Hıncal Uluç

Hıncal Uluç

Mail: jdgklgkd@homail.com

Her yerde kar var!..

Ünlü Fransız şarkısı "Tombe la Neige/ Her yerde kar var"ı Belçikalı şarkıcı Adamo mu meşhur etti, yoksa şarkı mı Adamo'yu uluslararası üne kavuşturdu, pek bilmem..
Ama Türkiye'ye geldi ve şarkıyı Türkçe söyleyince, hemen herkes onun kırık aksanlı Türkçesi ile söyler olduk.. Belçikalı da ülkenin sevgilisi oldu, 1964'ten sonra..
Karı, Çaldıran ve Van'da iyi bilirim. Anılarımı yazsam kitap olur. Ankara'da da kışlarımız genelde karlı geçerdi.. Kanıksadık. Kar yağması da, yolların kapanması da doğal olaylardı. Hatta bazen okullar da kapanırdı ve bayram yapardık.
Hemen bütün yokuşlar, gençlerin ve çocukların kızak parkuru olurdu, eğlenirdik. Kardan adamlar yapar, kartopu oynar, şenlenirdik.
1980'de İstanbul'a geldik.. Karı unuttuk adeta.. Kırk yılda bir serpeler gibi olur ama tutmazdı bile..
Sonra.. Sonra o ünlü 1987 kışı geldi.. Bir gün durmadan kar anonsları yapılıyor, ama yağan bir şey yok.. Akşam bir tiyatroya gittim. Çıkışta da Ertekin'e.. O zamanki evimin adeta salonu gibi kullandığım, o zamanın belediye başkanı Ayfer Atay'ın bir cennete çevirdiği Ortaköy Meydanı'nın nizamiyesi gibiydi Ertekin'in yeri.. Her geceyi orda kapardım.. Bu yüzden Ortaköy halkı, esnafı ve bürokratlarıyla da ahbaptık. Her Beşiktaş Emniyet Müdürü ile de.. O zaman Emniyet Müdür ve amirleri ile gazeteciler dosttu. Bugünkü gibi "yasaklı" değildik.
O gece geldiğimde saat gecenin 11'i.. Baktım bizim Emniyet Müdürü ile yardımcısı Ertekin'de, köşede oturuyorlar, resmi kılıklarıyla..
"Hayrola, bu saatte burada" dedim.
Müdür, "Karı bekliyoruz" dedi.. Kahkahayı attım..

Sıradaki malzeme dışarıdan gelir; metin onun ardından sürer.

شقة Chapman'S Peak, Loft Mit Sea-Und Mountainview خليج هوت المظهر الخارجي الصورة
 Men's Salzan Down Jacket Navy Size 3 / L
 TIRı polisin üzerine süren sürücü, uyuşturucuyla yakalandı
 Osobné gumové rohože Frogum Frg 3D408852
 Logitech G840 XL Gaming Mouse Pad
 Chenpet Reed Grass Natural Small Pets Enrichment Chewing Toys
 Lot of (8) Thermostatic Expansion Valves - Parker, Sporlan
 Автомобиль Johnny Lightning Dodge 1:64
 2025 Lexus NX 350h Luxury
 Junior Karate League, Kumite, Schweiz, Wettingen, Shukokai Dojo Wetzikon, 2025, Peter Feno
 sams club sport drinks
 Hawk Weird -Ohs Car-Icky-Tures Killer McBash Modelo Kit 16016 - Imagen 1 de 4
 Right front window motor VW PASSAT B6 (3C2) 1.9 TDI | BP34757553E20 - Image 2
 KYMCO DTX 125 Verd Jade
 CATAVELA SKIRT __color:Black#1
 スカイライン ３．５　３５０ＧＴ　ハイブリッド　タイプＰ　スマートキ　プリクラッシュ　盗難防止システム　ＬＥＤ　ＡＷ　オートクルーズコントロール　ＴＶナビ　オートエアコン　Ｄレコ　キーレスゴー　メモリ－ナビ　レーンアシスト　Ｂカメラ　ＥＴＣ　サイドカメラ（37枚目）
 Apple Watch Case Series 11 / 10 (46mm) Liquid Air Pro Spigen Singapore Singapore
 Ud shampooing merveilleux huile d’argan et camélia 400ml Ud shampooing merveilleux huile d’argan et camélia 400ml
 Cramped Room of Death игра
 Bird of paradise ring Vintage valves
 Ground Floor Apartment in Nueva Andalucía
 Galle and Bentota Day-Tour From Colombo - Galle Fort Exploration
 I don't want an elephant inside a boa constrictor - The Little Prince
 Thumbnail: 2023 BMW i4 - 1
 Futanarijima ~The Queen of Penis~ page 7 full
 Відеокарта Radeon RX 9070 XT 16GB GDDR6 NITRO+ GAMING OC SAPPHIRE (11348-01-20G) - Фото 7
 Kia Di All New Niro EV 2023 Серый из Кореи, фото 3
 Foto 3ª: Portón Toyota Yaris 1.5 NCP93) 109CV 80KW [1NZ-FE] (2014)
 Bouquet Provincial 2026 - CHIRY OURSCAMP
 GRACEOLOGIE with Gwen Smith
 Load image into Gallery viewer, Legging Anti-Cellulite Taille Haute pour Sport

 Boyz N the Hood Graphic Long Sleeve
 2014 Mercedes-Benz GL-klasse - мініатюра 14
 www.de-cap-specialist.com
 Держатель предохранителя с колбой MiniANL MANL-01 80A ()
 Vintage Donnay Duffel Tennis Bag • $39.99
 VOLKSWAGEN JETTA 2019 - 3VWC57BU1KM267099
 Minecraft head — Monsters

"Yarınki yazım belli oldu. Beşiktaş
 Emniyet Müdürü ve Yardımcısı dün gece Ertekin'de karı beklediler!." Onlar da bastı kahkahayı tabii.. Sonra şakayı bırakıp gerçeği sordum.
"Nerden çıktı kar beklemek?."
Müdür dostum anlattı. Sabahtan beri meteoroloji yoğun kar uyarısı yapıyor ya.. İstanbul Valisi de, tüm ilçe emniyet müdürlerine genelge yayınlamış..
"Bu gece işinizin başında olun. Kar bastırırsa, bir kar lastiksiz ya da zincirsiz araba yolların tıkanmasına, kitlenmesine sebep olabilir. Derhal el koyun. Vatandaş yolda kalmasın, donma tehlikesi geçirmesin.."
Bizim Beşiktaş Emniyet Müdürü de, bölgesindeki tüm karakollara ayni emri vermiş, kendisi de en yoğun sahil yolunun merkezi gibi olan Ortaköy'e elinde telsizi yerleşmiş, bekliyor.. Karı bekliyor yani..
O gece mi yağdı, daha sonra mı, hatırlamıyorum ama, Oyak Sitesi'nde oturuyorum o zaman..
Bir sabah kalktım, arabam görünmüyor.. Hiçbir araba görünmüyor. Otopark bembeyaz ve yan yana tümsekler var o kadar.. Bunlar karın altında kalmış arabalar..
Günler sonra ancak meydana çıktılar.. Bazıları eksik çıktı.. Profesyonel hırsızlar, bazı arabaları o kar sırasında soymuşlar, kelebek camlarını kırıp.. Teypler başta çalmışlar.. Bizim MF3 Ahmet Kurtaran'ın çok gurur duyduğu bir Japon arabası vardı. Kar kalkınca bir bakmış..
Bütün ön tabloyu götürmüşler. Yedek parçacılara satmak için. O zaman o markanın bizde temsilciliği yok, Ahmet aylarca Japonya'dan parça beklemişti, arabasını sürmek için..
Sonra 2004'tü galiba, bir sıkı kar daha oldu..
Ve işte nihayet, 2022!..
Yani benim İstanbul'a geldiğim 1980 tarihinden bu yana, 42 yıldır 3 kar afeti yaşadık bu kentte, yollarda, evlerde kalmacasına.. Hepsi o..
Şimdi bu doğal afeti kullanıp belediyelere yüklenmek ne derece doğru olur, onu sordum dünkü yazımda. Dünyanın 1 numaralı süper devleti ABD'nin başkenti Washington'da hayatın sabah sadece 2 saat yağan bir karda nasıl durduğunu örnek vererek. Ordaydım, başka Türk gazetecileriyle.
Şimdi bizim medyada "Maksat muhalefet olsun" diye kaleme sarılan sarılana..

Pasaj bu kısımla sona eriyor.